3.2 Subject to approval and/or minimum monthly purchases, if the Customer wishes to make payment on a credit basis, the Customer must complete an Application for 30 Day Credit Form, including an authority for Revolution Roofing to seek credit information concerning the Customer. Terms and conditions of credit-based payment by the Customer are subject to change by notice in writing by Revolution Roofing. If a credit account is approved all accounts are due and payable within (30 days) of the end of the month in which the invoice is issued or as arranged and confirmed in writing by the company.
3.3 The Customer must not off set any amount owed to the Customer by Revolution Roofing against any amount owed by the Customer to Revolution Roofing.
3.4 If payment in full is not made in accordance with these terms and conditions, the following will apply:
(a) Interest of 15% per annum, calculated daily, will be charged on all amounts unpaid from the due date until payment is made;
(b) All deliveries that have not been made, including deliveries of Goods ordered separately from the Goods to which the unpaid amount relates, will be suspended until the full amount payable, including GST and interest, is paid in full;
(c) Revolution Roofing may terminate any contracts in relation to any undelivered Goods, or impose additional conditions of payment before delivery in relation to those undelivered Goods;
(d) Any credit arrangements may be terminated;
(e) Legal proceedings may be instituted for the recovery of the Goods or the unpaid amount and the costs of such recovery; and
(f) Revolution Roofing may exercise its rights pursuant to clause 7.
3.5 In the event of any dispute of any of the costs or charges by Revolution Roofing, the Customer must make full payment of the invoice price.
3.6 The Customer charges all of the customers rights, title and interest in any land and personal property held now or in the future by the customer to secure the payment of the Guaranteed debt.
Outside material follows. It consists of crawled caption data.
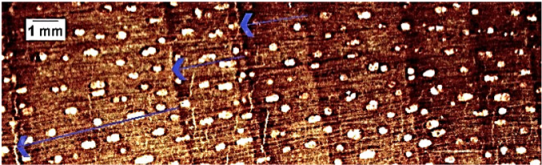 Forests 16 00542 i007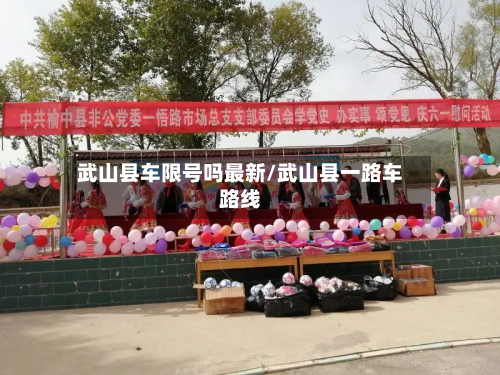 武山县车限号吗最新/武山县一路车路线-第2张图片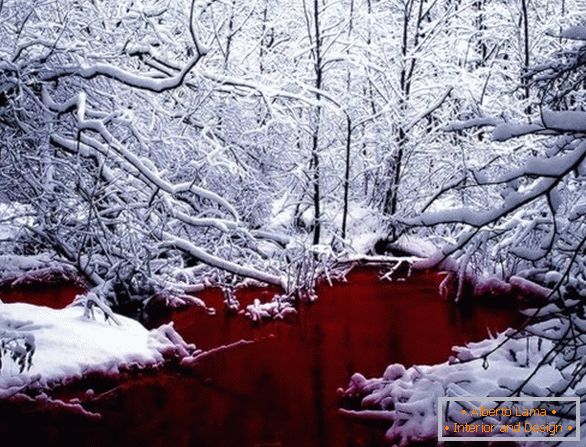 Blutroter See in Kanada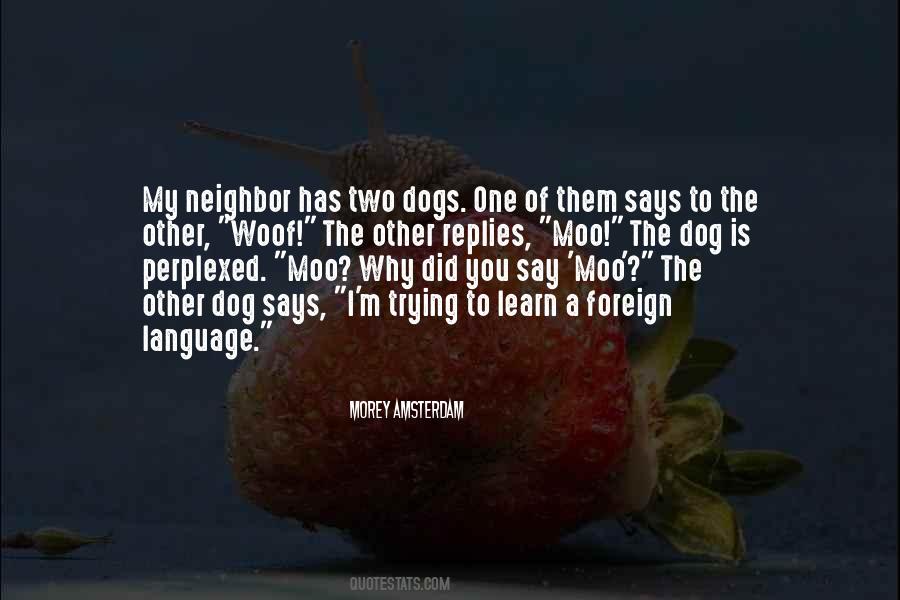Funny Foreign Language Quotes #1768431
The Customer consents to Revolution Roofing lodging a caveat or caveats to note Revolution Roofing’s interest under this clause. If a demand is made by Revolution Roofing the customer agrees to immediately execute a mortgage and/or other instrument of security, In terms satisfactory to Revolution Roofing to further secure.payment of the Guaranteed debts
4) Delivery and Risk
4.1 Delivery shall be made by Revolution Roofing at the Customer’s expense to the Customer’s premises or in accordance with the Customer’s instruction by such transport at Revolution Roofing’s discretion.
4.2 Risk shall pass to the Customer on delivery of the Goods notwithstanding that property shall remain with Revolution Roofing until those goods are paid for.
4.3 Insurance against all risks whatsoever shall be maintained by the Customer from delivery.
4.4 Additional Costs incurred from excessive delays or extra labour to unload will be charged to the Customer’s account. Lengths 12 metres and over may be subject to additional delivery charges. Maximum lengths for products vary and delivery of such will be determined by Revolution Roofing.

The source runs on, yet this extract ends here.